Review Reports

Round 1

Reviewer 1 Report

Comments and Suggestions for Authors

This manuscript successfully established five methods targeted to EP-SPS specifically for the qualitative or quantitative detection of Rundao118 rice that its genome contains three copies of exogenous mutated EP-SPS and one copy of wild type ES-SPS. Beyond this, these methods facilitate the rapid determination of mutated EPSPS sequences in Rundao118 rice, the distinguishment of mutation from natural or artificial modification, enriching the arsenal of tools for genetically modified organism (GMO) detection and intellectual property protection. The manuscript provides solid results and is well written.

 

Minor issues

Fig 1, add the location of the primer Osep-3081R into the diagram.

Table 2, describe clearly how the theoretical value (%) was calculated.

Compare lanes 21-24 in Fig 5D and lanes 21-24 in Fig 2A, why the intensity of the band looked so different? Any explanation?

Author Response

REVIEWER 1: Minor issues

C1: Fig 1, add the location of the primer Osep-3081R into the diagram.

R1: The primer Osep-3081R is located at position 3081 of the rice EPSPS gene, which is nearly 2000 bp downstream of the region shown in Figure 1, making it impractical to display in the figure.

 

C2: Table 2, describe clearly how the theoretical value (%) was calculated.

R2: the theoretical value (%) = (3 × mutant rice DNA concentration)/(3 × mutant rice DNA concentration+1)×100%.

We have added the above information in the revised manuscript, please see Table 2 marked in blue.

 

C3: Compare lanes 21-24 in Fig 5D and lanes 21-24 in Fig 2A, why the intensity of the band looked so different? Any explanation?

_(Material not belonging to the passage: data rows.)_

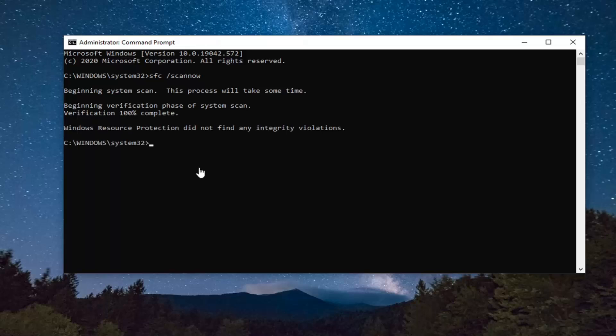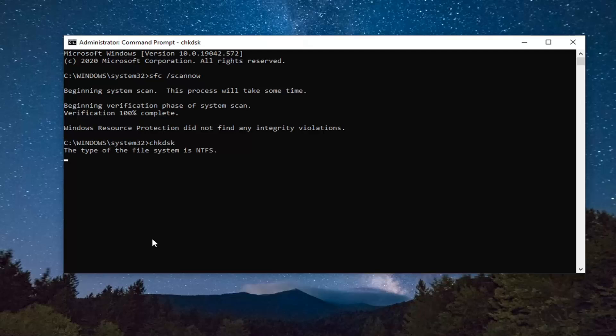Okay guys, there you go. Hopefully that would have been able to resolve the problem. Another thing you can try here would be to run a check disk command, so type in CHKDSK exactly how it appears on my screen here, and hit Enter on your keyboard.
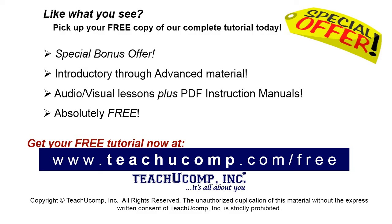Like what you see? Pick up your free copy of the complete tutorial at www.teachucomp.com/free.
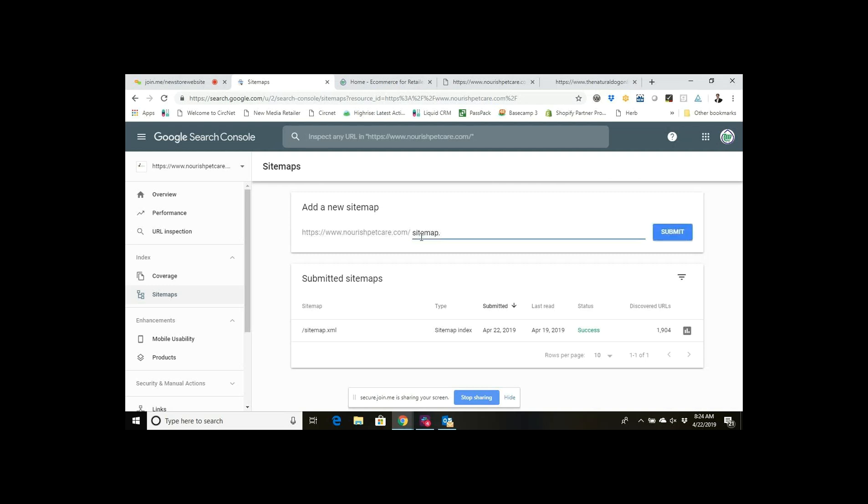You would just type in at the end sitemap.xml the same way you did in the browser, hit submit, and that would submit your sitemap for your Shopify or Lightspeed website to Google Search Console.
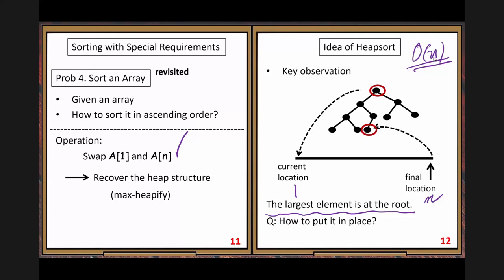After that, we get another max heap. This time the current root node is the second largest. Another swap places it, then another heapify fixes it, then another element is placed, and so on. Keep doing this until all elements are in place — that's the heap sort.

R3: In Figure 2A, all lanes contain samples co-amplifying both mutated and non-mutated EPSPS genes, with nearly identical target concentrations across samples. As a result, no significant differences in amplification intensity are observed between lanes. In contrast, in Figure 5D (lanes 21–24), only the mutated EPSPS gene is amplified. Due to the extremely low concentration of the target template, the amplification bands appear faint. 

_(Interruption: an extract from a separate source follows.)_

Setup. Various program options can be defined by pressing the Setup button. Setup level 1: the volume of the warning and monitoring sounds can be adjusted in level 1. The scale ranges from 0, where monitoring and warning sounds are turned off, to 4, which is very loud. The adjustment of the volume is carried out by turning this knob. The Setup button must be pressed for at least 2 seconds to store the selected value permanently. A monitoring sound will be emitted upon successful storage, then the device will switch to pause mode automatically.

Author Response File: Author Response.docx

Reviewer 2 Report

Comments and Suggestions for Authors

(1) Please write the Latin name of the rice (Oryza L.) or (Oryza sativa L.) in the title.

(2) Please check the websites (lines 45 and 93). The content is little understood (no English translation available). The second website does not work. You might want to include the web pages in the bibliography as well.

(3) Please indicate the validity of the sequencing or modify and expand the information in the paragraph (lines 81-87). In the introduction it is described that the sequencing only detects the wild-type sequence (non-mutated ) of EPSPS. In contrast, the results say otherwise.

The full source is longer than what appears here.